Nicolas Martin joined On in summer 2018 and leads our Brand Environments team. What does the term "brand environments" mean to us? Every physical touch point, every store, every workplace – all of our physical spaces are created with highly specific intention and meticulous attention to detail. We intersect spatial exploration with experience engineering. Our spaces must be more than simply beautiful or technical, they are forged to enable connection, support movement and build a culture of community, both within On's team and with the world around us.
1. How does brand storytelling – and On’s identity – come to life through our spatial design?
We’re carrying through the very ethos of On’s founding principles in nature vs technology and our performance innovation DNA through our spatial concepts. Our spatial designs (and designers) explore and innovate on themes that our core to On’s identity – for example, using locally sourced clay in our London Regent Street store which also acts as a natural thermal dampener for the store, or using recycled wool to make office meeting tables, intersecting art and biochemistry to create our 100% natural, mummified alpine tree that hangs suspended in On labs. Fortunately, On’s three key pillars – innovation, design and impact – are direct pillars upon which spatial design can be inspired and contribute value towards.
2. How do we bring innovation and technology to the forefront while still creating a space that feels inviting and warm?
Our products are high-tech objects that connect human beings to their environment. One tends to be engineered in the lab, and the other is a product of raw nature. In our spaces, we seek to highlight that contrast between a Swiss-lab-engineered metallic and sharp palette that is evocative of precision, tooling and technology, with a palette inspired by the warmth and nuance of natural elements. The latter is adapted to the specific geography and environment of a specific store. For example, in our Miami store, we used a sand-infused cement material and warm orange color inspired by the local beaches. In our store in Guangzhou, materials are derived from the local landscape of eroded sandstone in the North of the Shaoguan area. For both, we overlay our engineered product carries such as the Magic Wall for immediate try-ons and our apparel fixtures. Zooming in, we employ a science museum-like technology in storytelling and experiential education allowing visitors to experience, see a demonstration or directly feel the technology instead of just reading a description about it. Finally, the store teams and incredible spirit they bring is an enormous amplifier and culture carrier towards a fun and warm, welcoming environment.
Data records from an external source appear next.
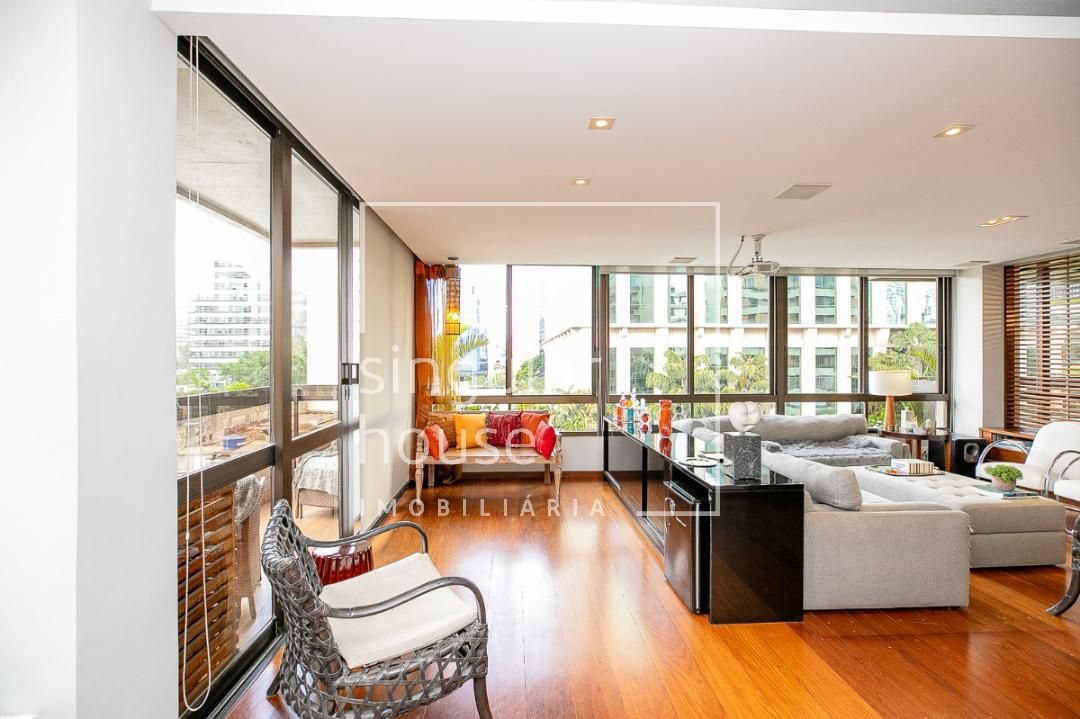 Apartamento com 3 suítes à venda em Itaim Bibi, São Paulo, por R$ 6.300.000 Imagem 7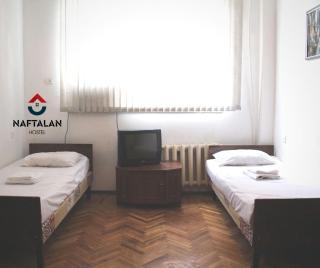 Naftalan Guest House - Bakoe - 8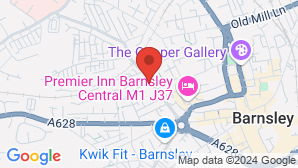 google map image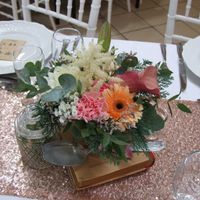 composition florale 2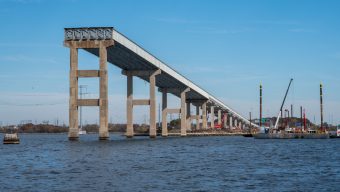 NTSB: Key Bridge collapse was ‘entirely preventable,’ citing ship failures and missing worker warning system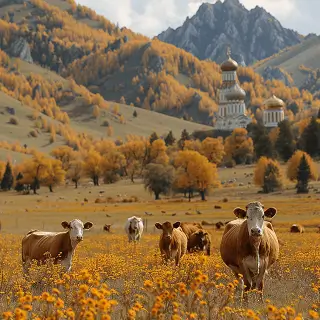 苏里南人去到捷克旅游的10日旅游攻略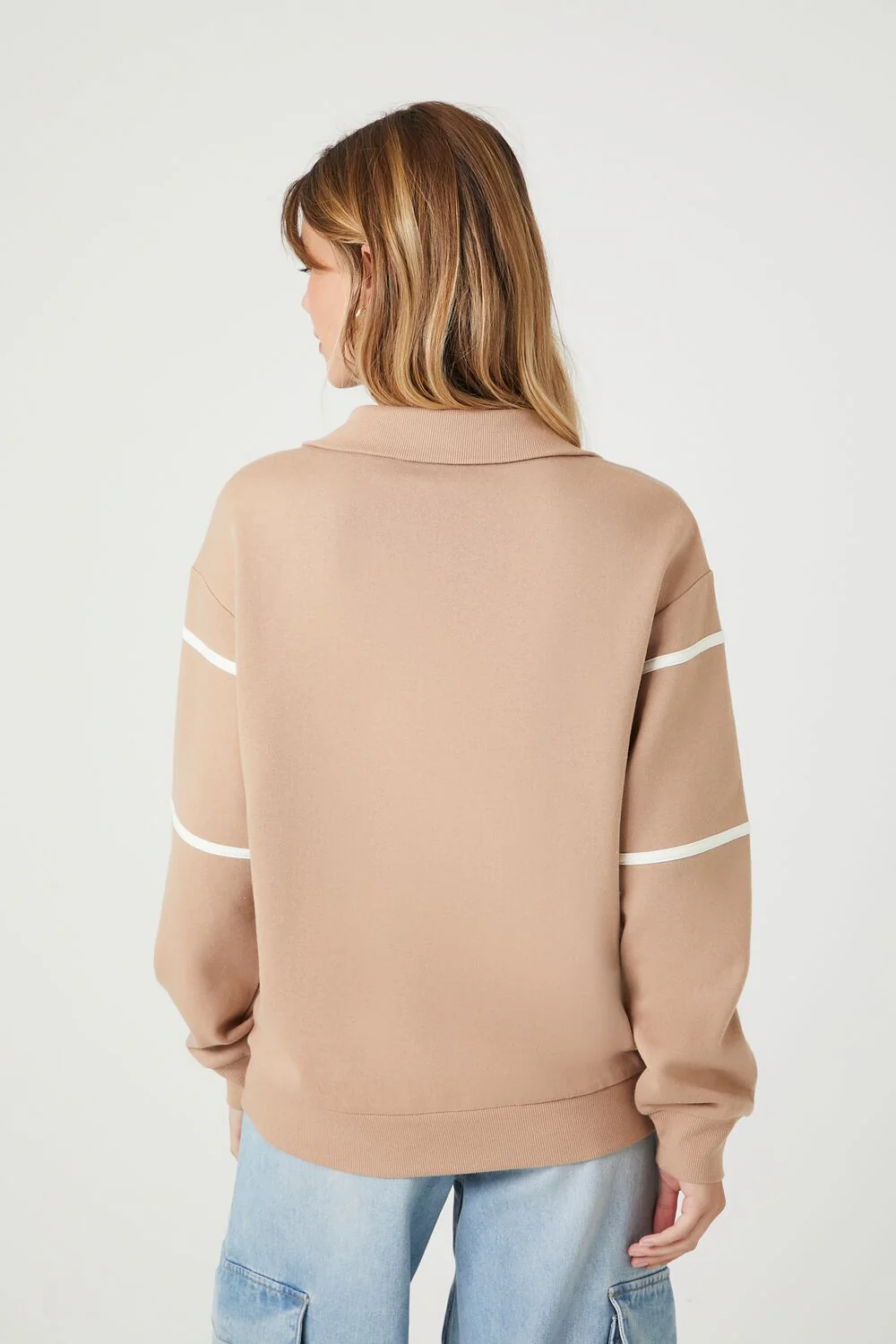 Milano Italy Graphic Pullover - Image 3
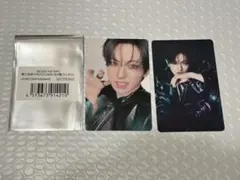 &TEAM FUMA フウマ　BTW トレカ➕購入特典トレカ2枚セット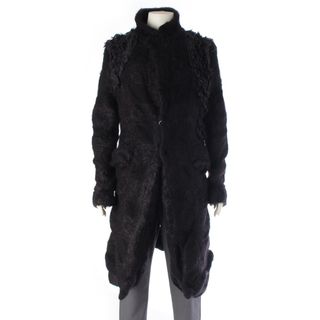 COMME des GARCONS HOMME PLUS - COMME des GARCONS 闇市 穴あき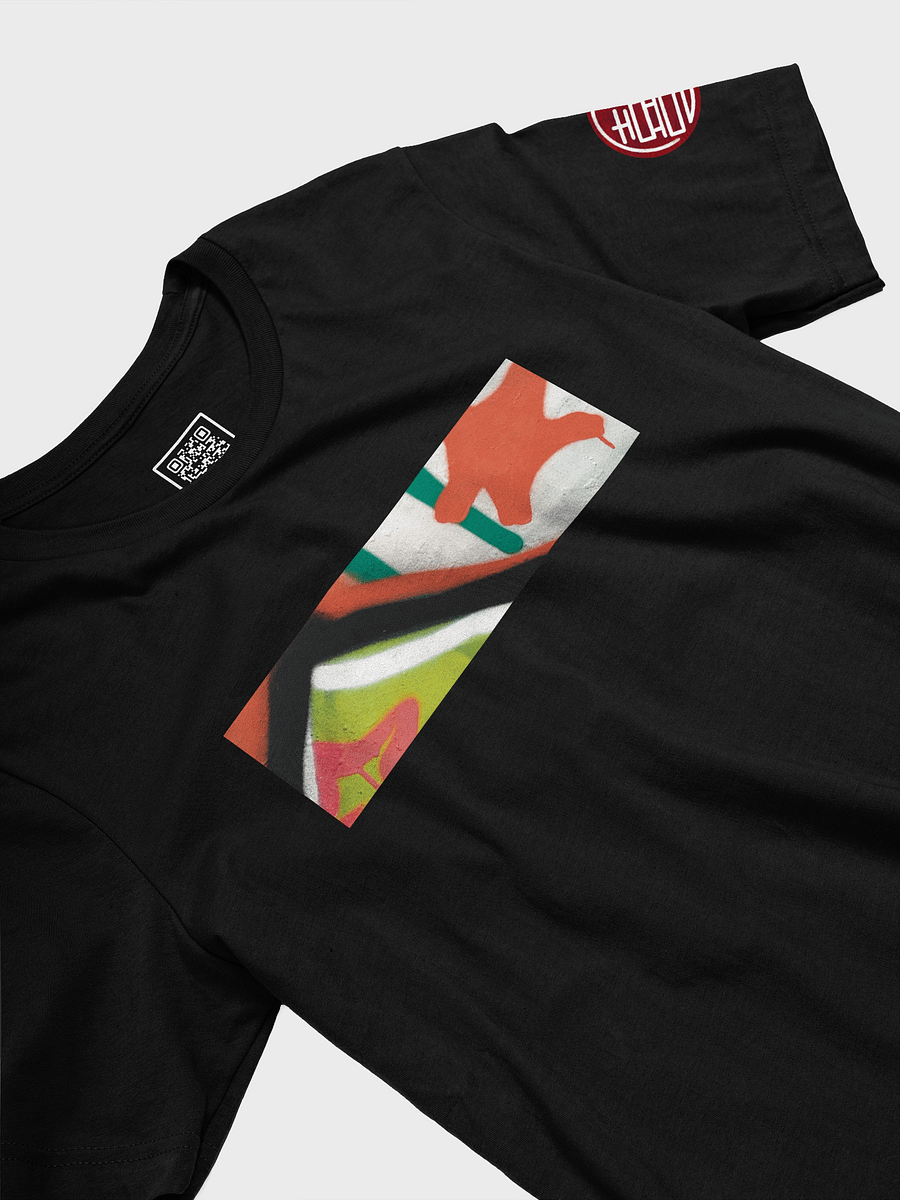 Bye Bye Limited Edition Ladies T-Shirt product image (3)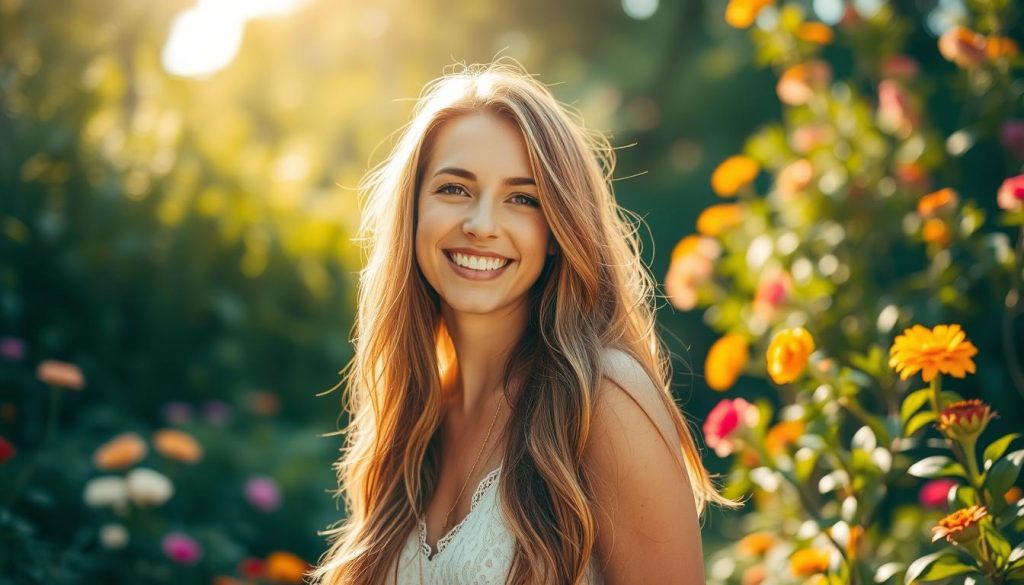 Happy Wife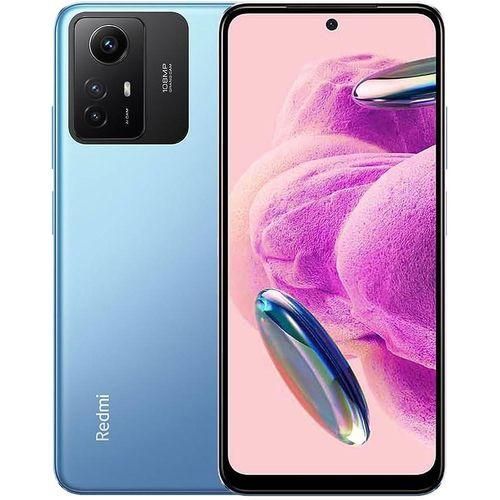 XIAOMI Redmi Note 12S 6.43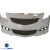 FRP GALX Body Kit > Toyota Yaris 2007-2011 > 4dr Sedan - image 11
3. What are the ways in which we use design to break down silos or drive collaboration and communication?
The design of our Brand Environments has a core mission of acting as a storytelling vessel of our On's incredible teams, products and innovation to our larger communities. It depends on working closely with many, very diverse internal teams to design an experience that feels authentic and still inseparable from On. Some of our projects can take up to several years to bring from vision to reality, so we play both an endurance game and sprints depending on projects. But what is constant is that any physical infrastructure project employs a long sequence of different teams working closely together to pull it off.
4. How do we invite the community to be part of On spaces (and what is our 'why')?
If you think about our “why” – igniting the human spirit through movement – so much has to do with getting communities moving and what better platform do we have to do so than our On spaces? Our store, offices and other spaces all act as launch platforms to engage, build and inspire community. I always think back to our old offices – we’d often have people having lunch, others coming in all muddy from a run or soccer game, and others already coming out of a fresh shower, walking across the same 'play' area – what we called our sort of cross-functional living, cooking and dining area. How a space is used is just as imported as what it is. As designers, we have a responsibility to shape behavior and influence culture, but it’s also the day-to-day pulse and activity of each individual that shapes the culture and habits that endure.
5. How do you balance form and function (what are the roles of 'gems', for example)?
Let’s take our offices as an example where we have a very “social” and interactive take on what an office is. We believe in a few principles:
- Social: With hybrid working models, the home and workplace each have increased competition. With an incredible community like On, our workplaces are designed to make social encounters (whether planned or not) frequent and of high quality. We prioritize spaces that could be used as informal gathering areas or as social lobbies where one could work, catch up with a colleague or meet a new business partner.
- Movement: We of course believe movement is not only a benefit for the body, but also for the mind. Our office spaces are designed to get you moving and exploring, literally. Through designed “trails” you meet new people, there’s visibility into the meeting rooms or into workshops of different teams, and these open one’s aperture in the workplace.
- Inspiration: We create nuanced and stimulating spaces for different types of people – we try to balance focused workplaces with more collaborative areas. We also have certain areas or functions we treat as “gems” that become destinations within the workplace and offer a particular different environment– allowing you to explore or “travel” within the same workplace.